» Problem requirements
Restate the listing word for word. Stop at the line that holds "M VAVE Tank", include it, and leave out all pictures.

BEGIN

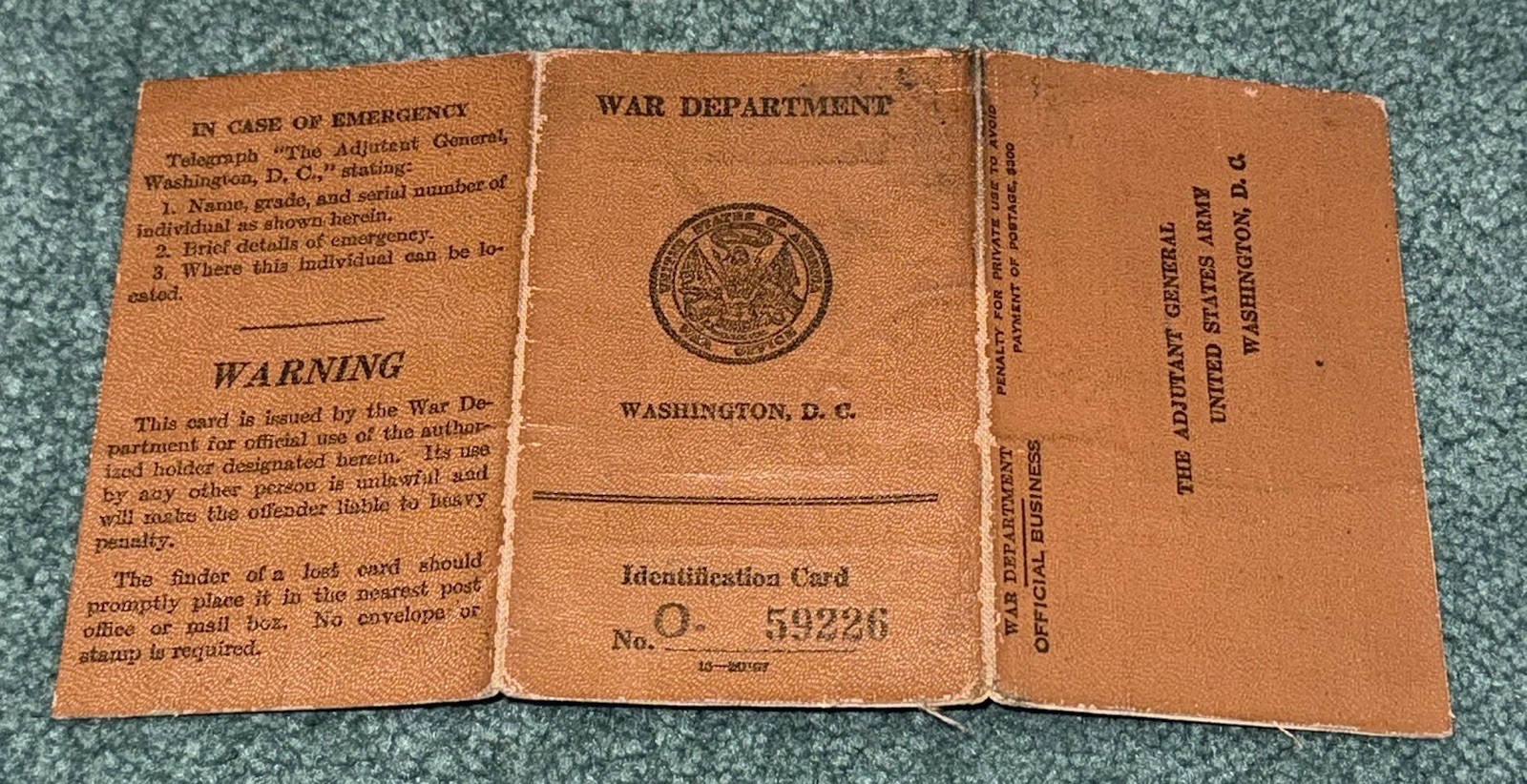 Original WWII US Army 34th Infantry Division 1942 ID Card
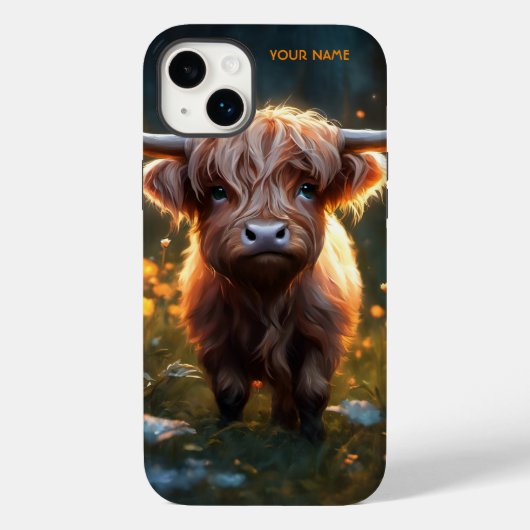 Fantasy Schattigee Highland Baby Koe Case-Mate iPhone Case (Achterkant)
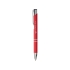 Шариковая кнопочная ручка Moneta с матовым антискользящим покрытием, красный, красный, алюминий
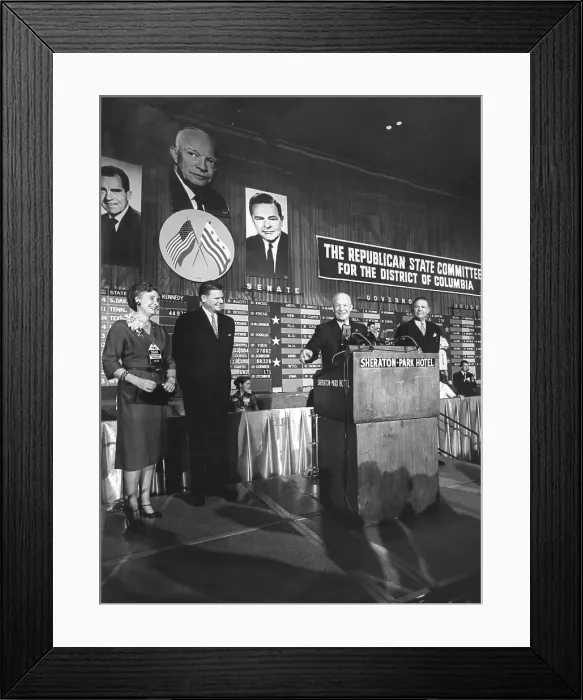 Framed Print : President Eisenhower speaks to Republicans on election night, Nov. 8, 1960. At right is the Republican Vice Presidential candidate, Henry Cabot Lodge. At left is Rogers Morton Framed Print : President Eisenhower speaks to Republicans on election night, Nov. 8, 1960. At right is the Republican Vice Presidential candidate, Henry Cabot Lodge. At left is Rogers Morton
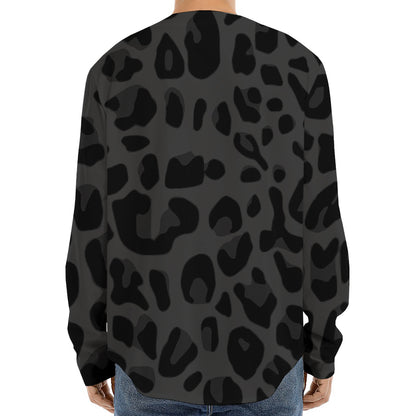 Black Leopard Print Long Sleeve Baseball Jersey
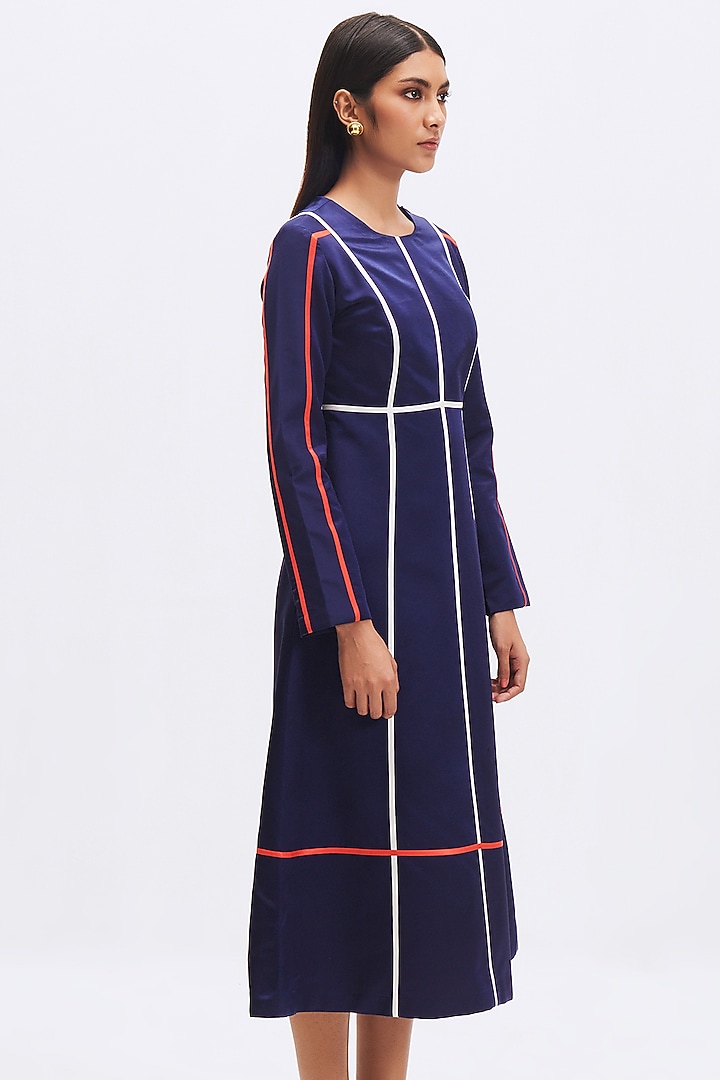 Sapphire Blue Silk Satin Crepe Vacation Dress by Kshitij Jalori at Pernia's Pop Up Shop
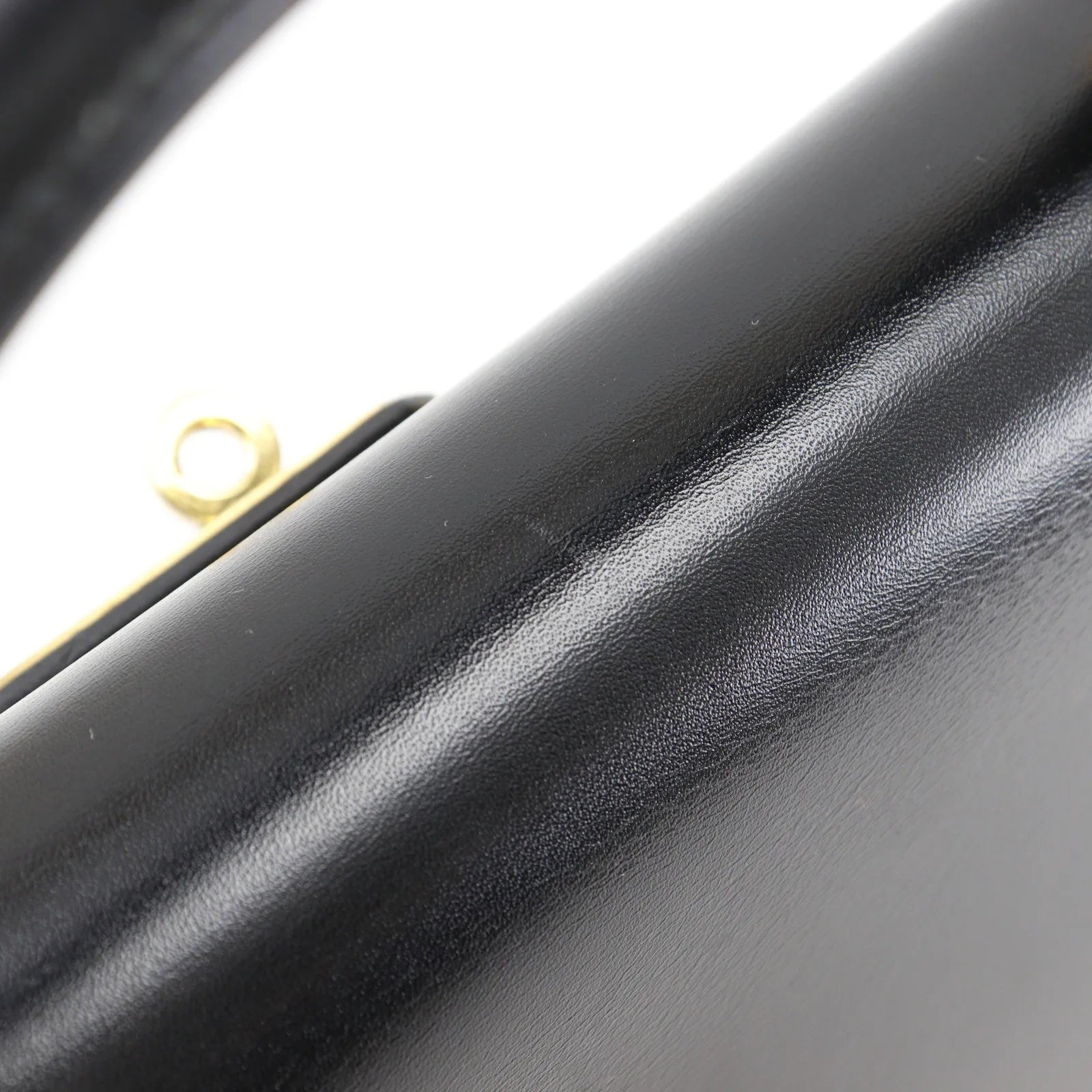 Hermes Kelly Black Box Calf With Gold Hardware Black Leather Handbag (Pre-Owned)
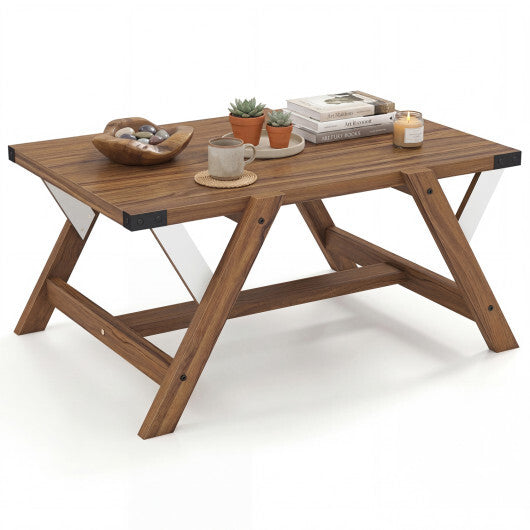 Farmhouse Center Table with Decorative Nailhead Accents for Living Room-Walnut W2B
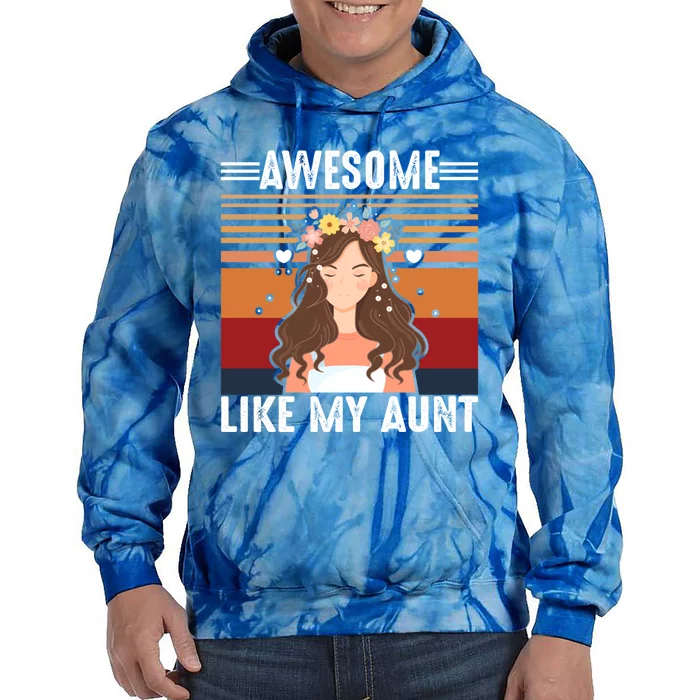 Awesome Like My Aunt Auntie Niece Retro Aunt Gift Tie Dye Hoodie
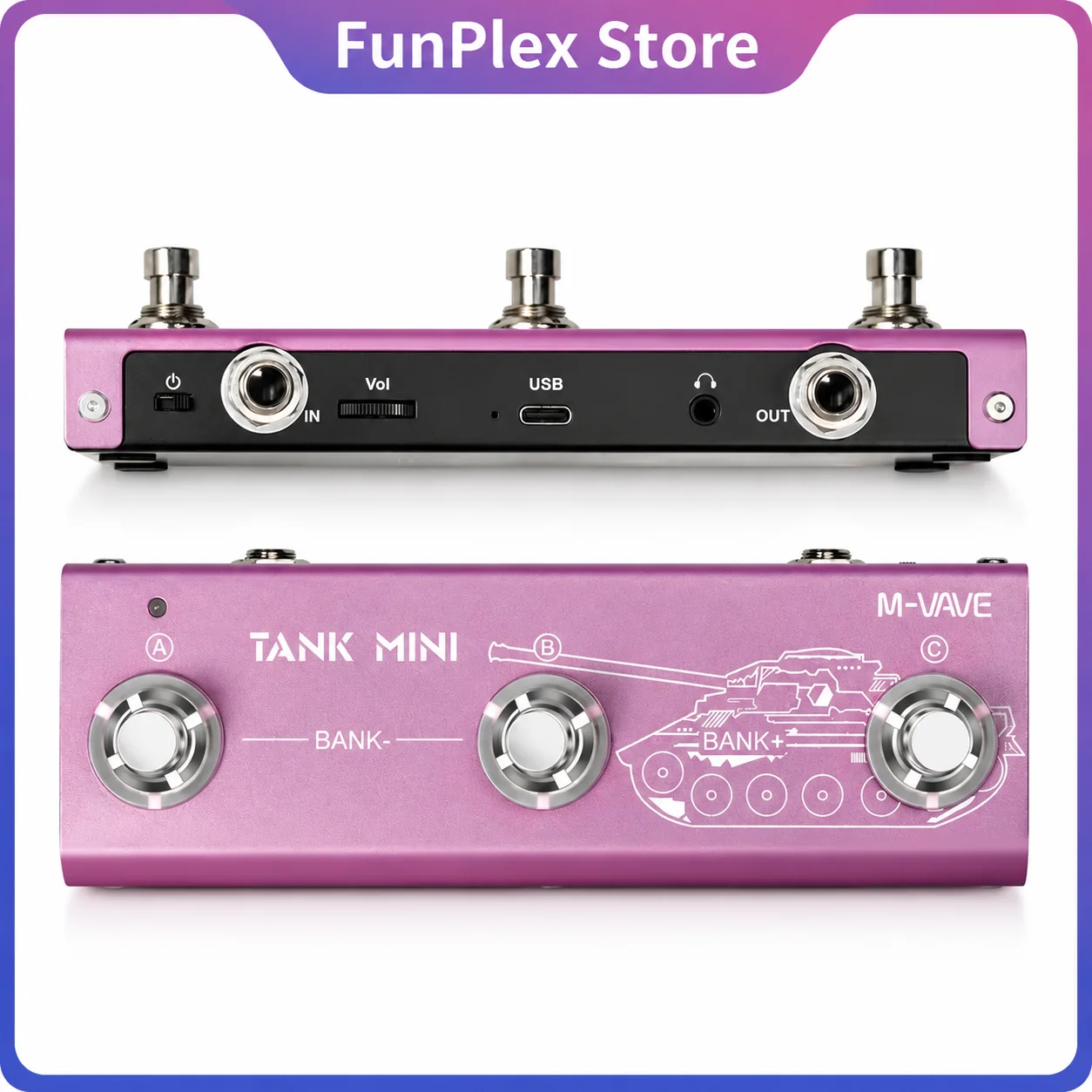 M VAVE Tank Mini, pédale d'effets multi-effets portable, processeur pour guitare électrique, carte son Bluetooth pour les performances sur scène des guitaristes.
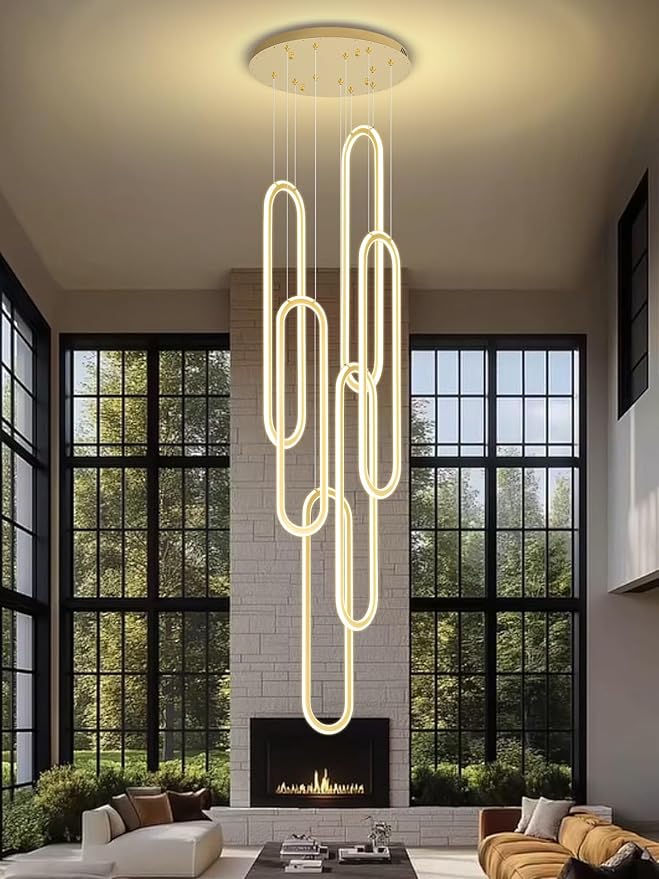 Flashing God H138 Modern Chandelier 6-Rings Large Chandelier for High Ceiling Led Dimmable Ring Pendant Lighting Gold Contemporary Chandeliers for Villa Foyer Entrance Living Room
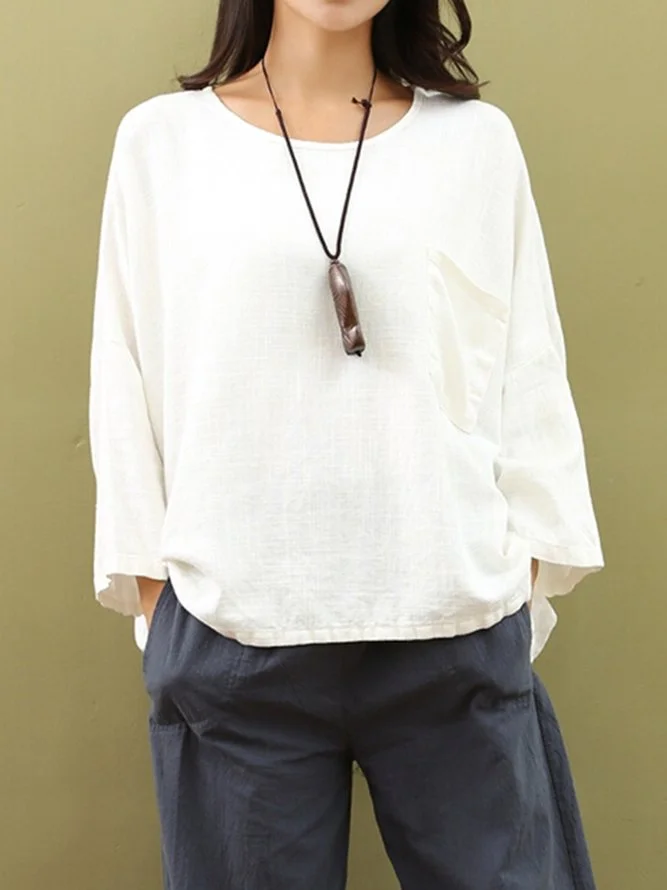 Plus Size Simple Long Sleeve Solid Linen Shift T-Shirt Zaesvini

END

» Exercise response
 Original WWII US Army 34th Infantry Division 1942 ID Card
 Fantasy Schattigee Highland Baby Koe Case-Mate iPhone Case (Achterkant)
 Шариковая кнопочная ручка Moneta с матовым антискользящим покрытием, красный, красный, алюминий
 Framed Print : President Eisenhower speaks to Republicans on election night, Nov. 8, 1960. At right is the Republican Vice Presidential candidate, Henry Cabot Lodge. At left is Rogers Morton Framed Print : President Eisenhower speaks to Republicans on election night, Nov. 8, 1960. At right is the Republican Vice Presidential candidate, Henry Cabot Lodge. At left is Rogers Morton
 Black Leopard Print Long Sleeve Baseball Jersey
 Sapphire Blue Silk Satin Crepe Vacation Dress by Kshitij Jalori at Pernia's Pop Up Shop
 Hermes Kelly Black Box Calf With Gold Hardware Black Leather Handbag (Pre-Owned)
 Farmhouse Center Table with Decorative Nailhead Accents for Living Room-Walnut W2B
 Awesome Like My Aunt Auntie Niece Retro Aunt Gift Tie Dye Hoodie
 M VAVE Tank Mini, pédale d'effets multi-effets portable, processeur pour guitare électrique, carte son Bluetooth pour les performances sur scène des guitaristes.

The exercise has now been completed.